Exercise prompt
When you copy the material below, keep every line exact and leave each picture out.

Given records
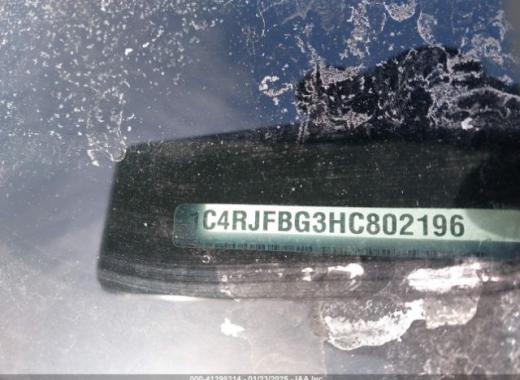 Jeep  - Grand Cherokee - 2017 - Black - 41398314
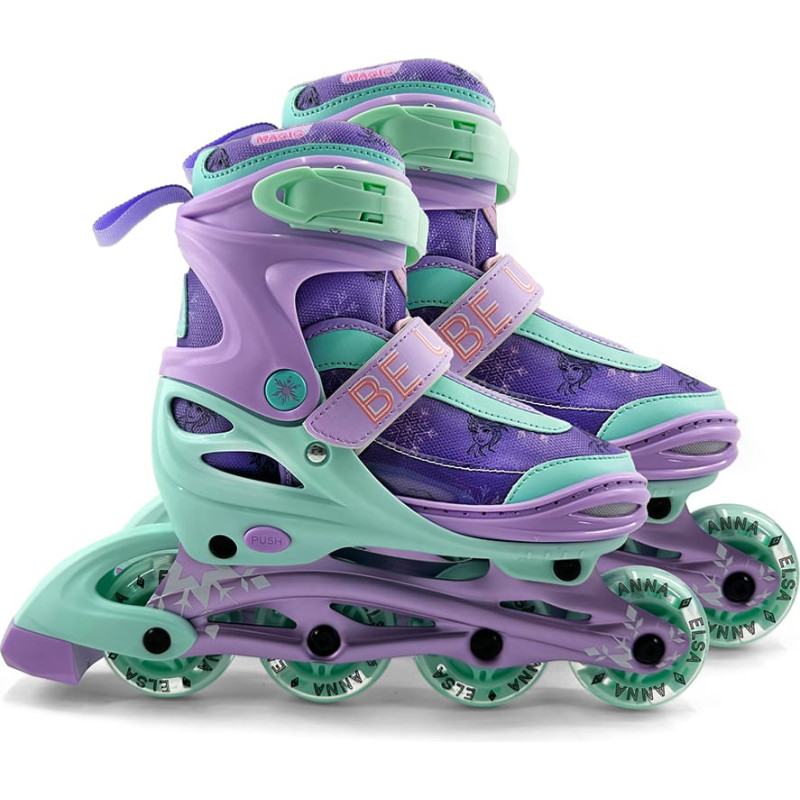 ROLLER SOFT BOOT 3 IN 1 - FROZEN - SIZE 34-37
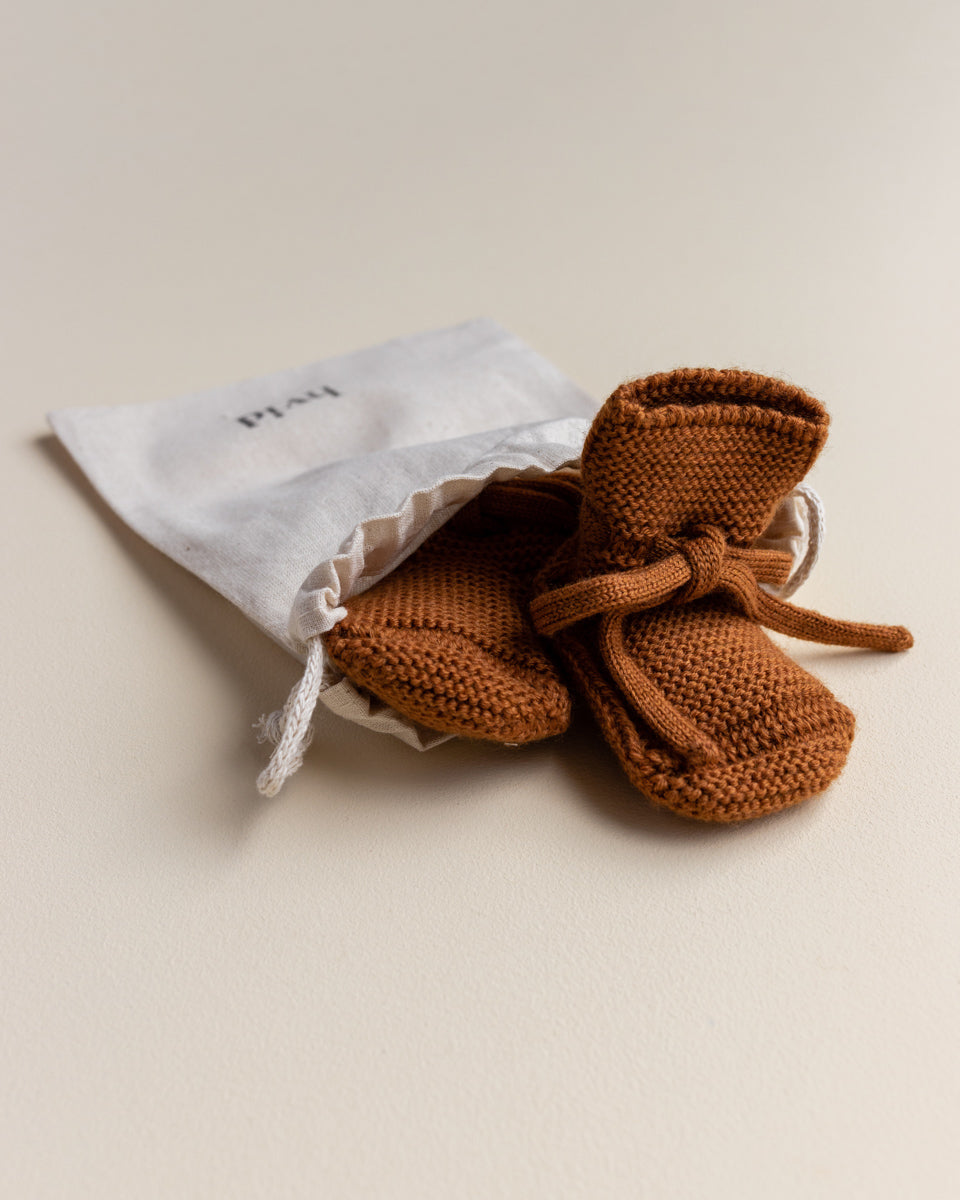 Booties RUST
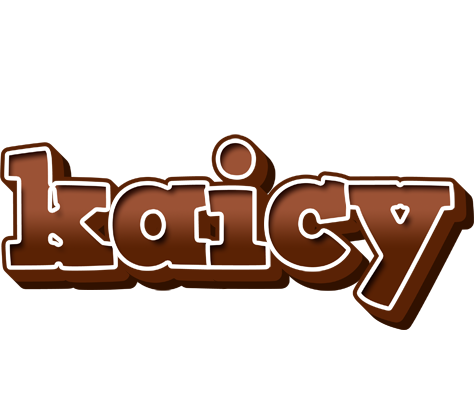 Kaicy brownie logo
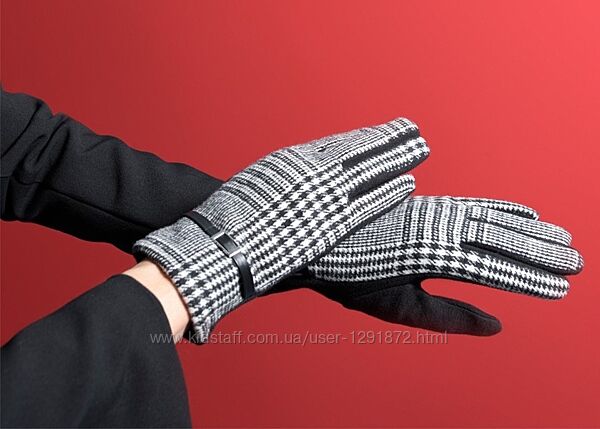 Жіночі утеплені рукавички в marcus adler new york&92 7S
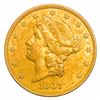 Image 1 : 1907-D $20 Gold Double Eagle CLOSELY UNCIRCULATED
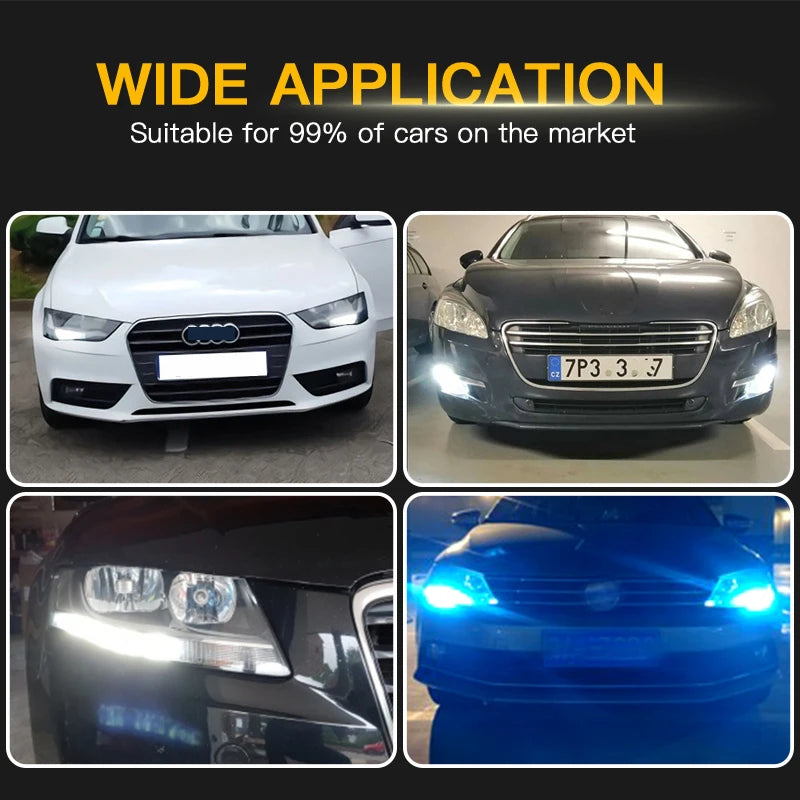 2pcs P13W Canbus No Error For Mazda CX-5 2013 2014 2015 SH23W LED Bulbs Daytime Running Light DRL Lamp White  Car Accessories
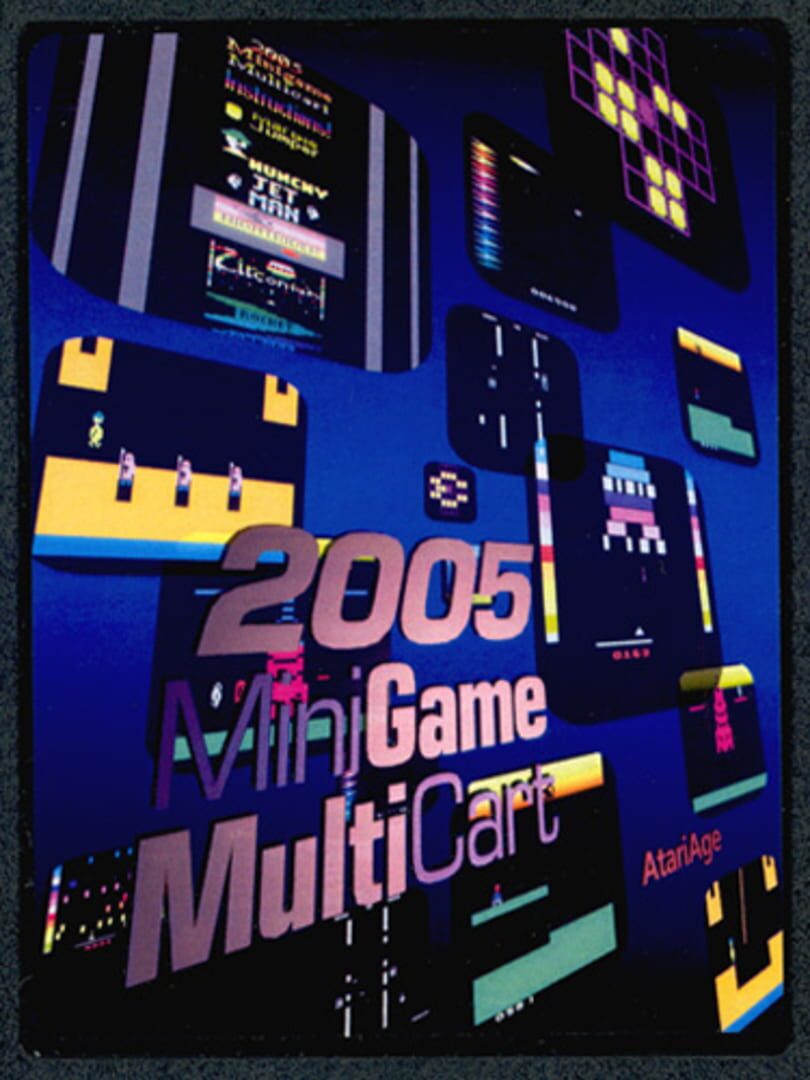 2005 Minigame Multicart 커버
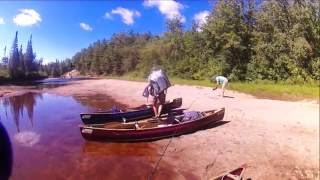 Adirondack Canoe Trip 2016  Raquette River [upl. by Miru85]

Answer box
 Jeep  - Grand Cherokee - 2017 - Black - 41398314
 ROLLER SOFT BOOT 3 IN 1 - FROZEN - SIZE 34-37
 Booties RUST
 Kaicy brownie logo
 Жіночі утеплені рукавички в marcus adler new york&92 7S
 Image 1 : 1907-D $20 Gold Double Eagle CLOSELY UNCIRCULATED
 2pcs P13W Canbus No Error For Mazda CX-5 2013 2014 2015 SH23W LED Bulbs Daytime Running Light DRL Lamp White  Car Accessories
 2005 Minigame Multicart 커버
 Adirondack Canoe Trip 2016  Raquette River [upl. by Miru85]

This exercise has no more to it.